Material provided Start Marker
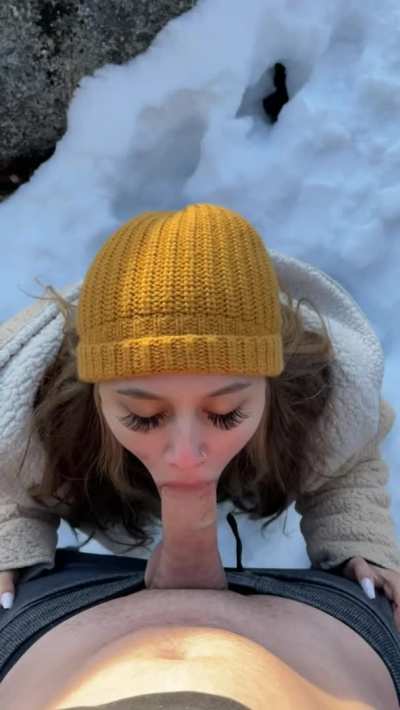 [reddit] &ldquo;ssshhhh bud it&rsquo;s okay&hellip;.nobody is going to see me suck your dick out here, relax&rdquo;
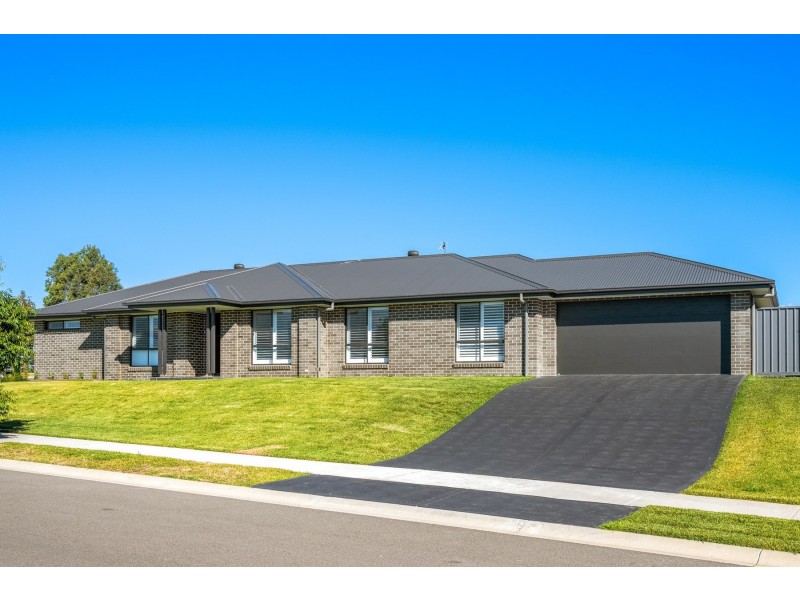 72 Redwood Drive, Gillieston Heights NSW 2321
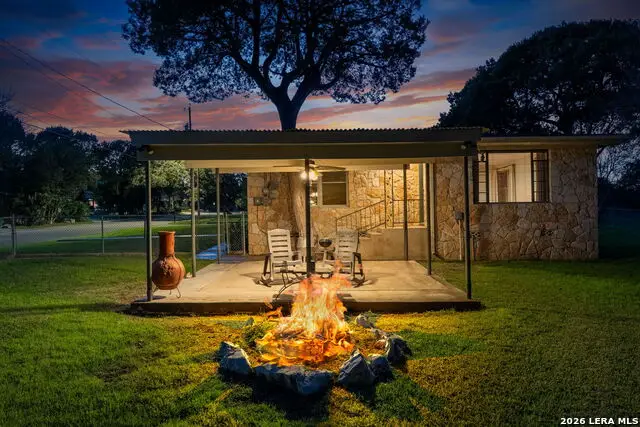 162 New York Ave, New Braunfels, TX 78130 - #3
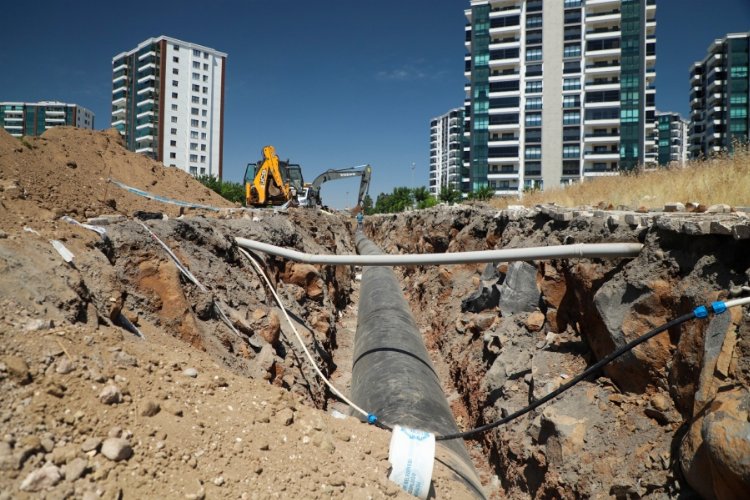 Diyarbakır Mahabad Bulvarı'nda içme suyu hattına deplase -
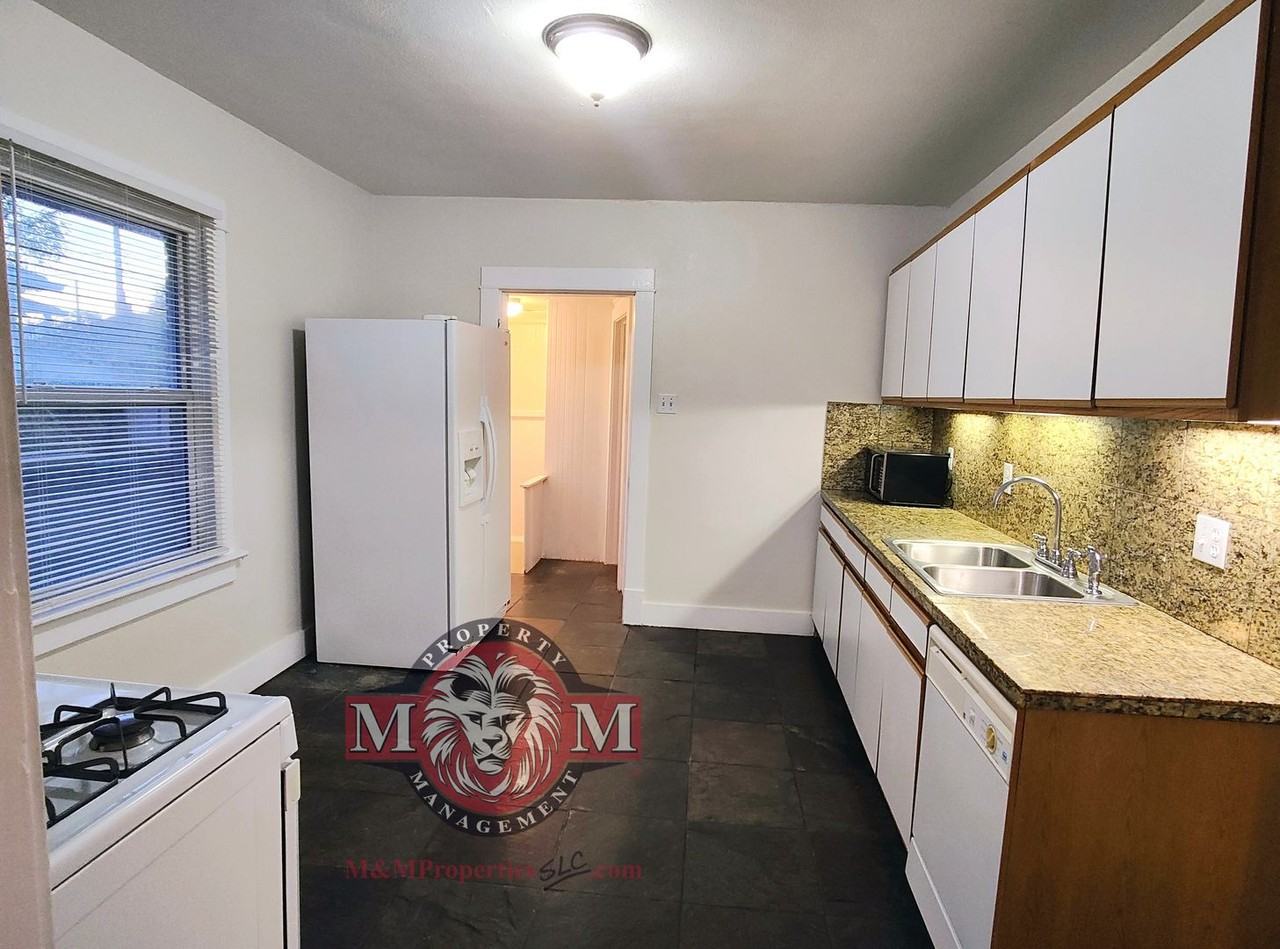 7680 S Lincoln St - Photo 7 of 32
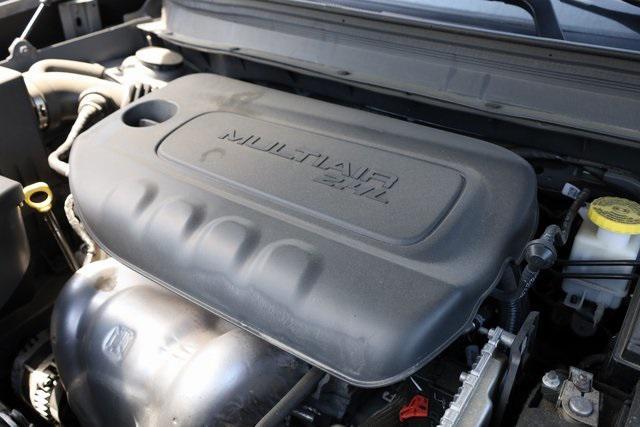 used 2023 Jeep Cherokee car, priced at $21,706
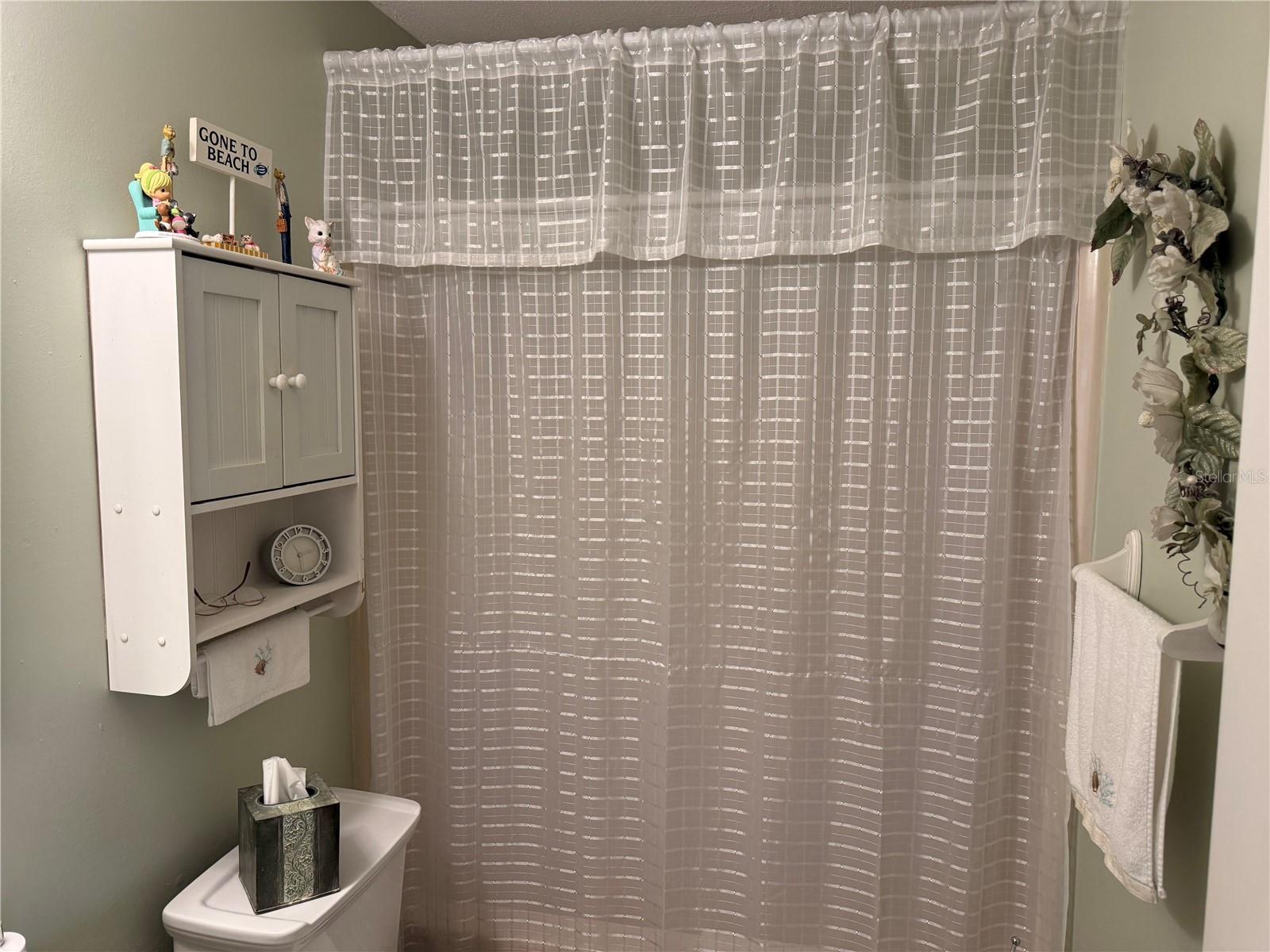 PRESIDENTIAL MANOR - Residential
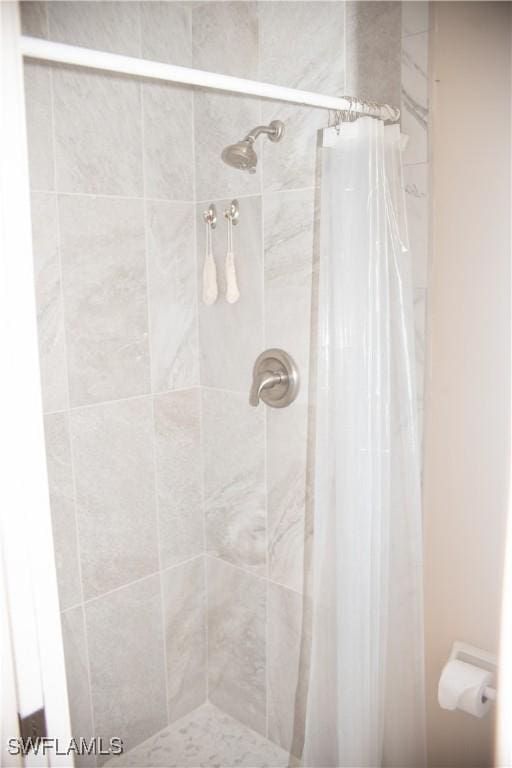 bathroom with walk in shower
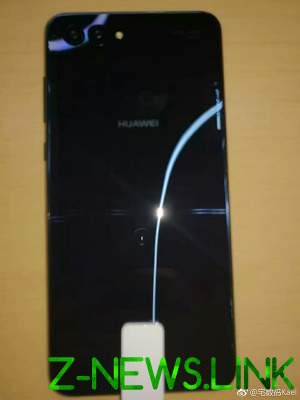 В Сети показали "живые" фото Huawei Nova 2S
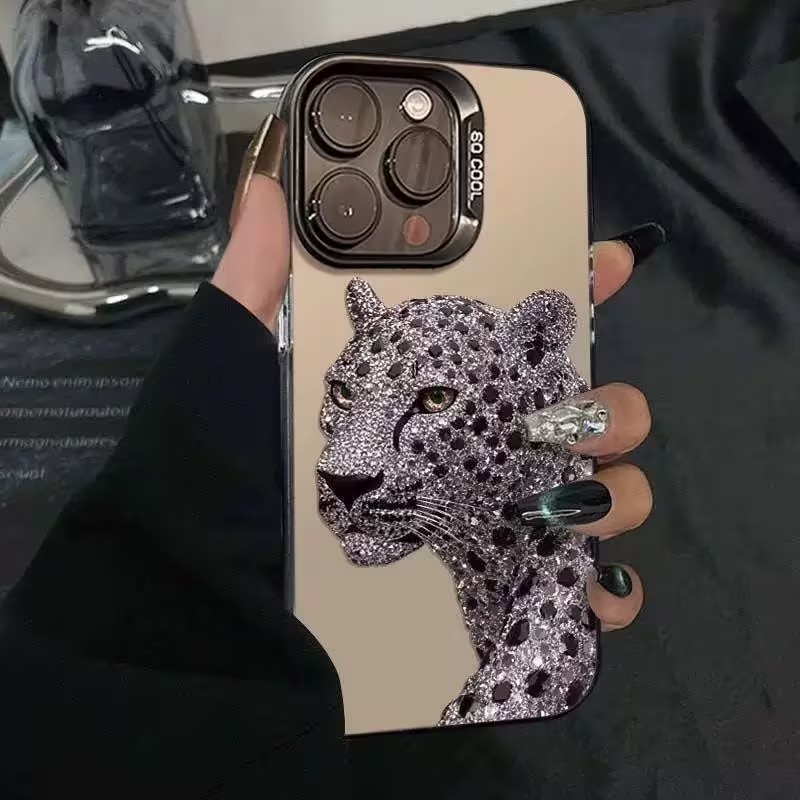 Holograficzne srebrne etui na  – Apple Iphone 15 Pro Max recenzja i cena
Material provided End Marker
The problem -
The lines to retype run from the one containing "72 Redwood Drive, Gillieston" through the last line of the records above; write them exactly and skip the pictures.

Solution for this exercise -
 72 Redwood Drive, Gillieston Heights NSW 2321
 162 New York Ave, New Braunfels, TX 78130 - #3
 Diyarbakır Mahabad Bulvarı'nda içme suyu hattına deplase -
 7680 S Lincoln St - Photo 7 of 32
 used 2023 Jeep Cherokee car, priced at $21,706
 PRESIDENTIAL MANOR - Residential
 bathroom with walk in shower
 В Сети показали "живые" фото Huawei Nova 2S
 Holograficzne srebrne etui na  – Apple Iphone 15 Pro Max recenzja i cena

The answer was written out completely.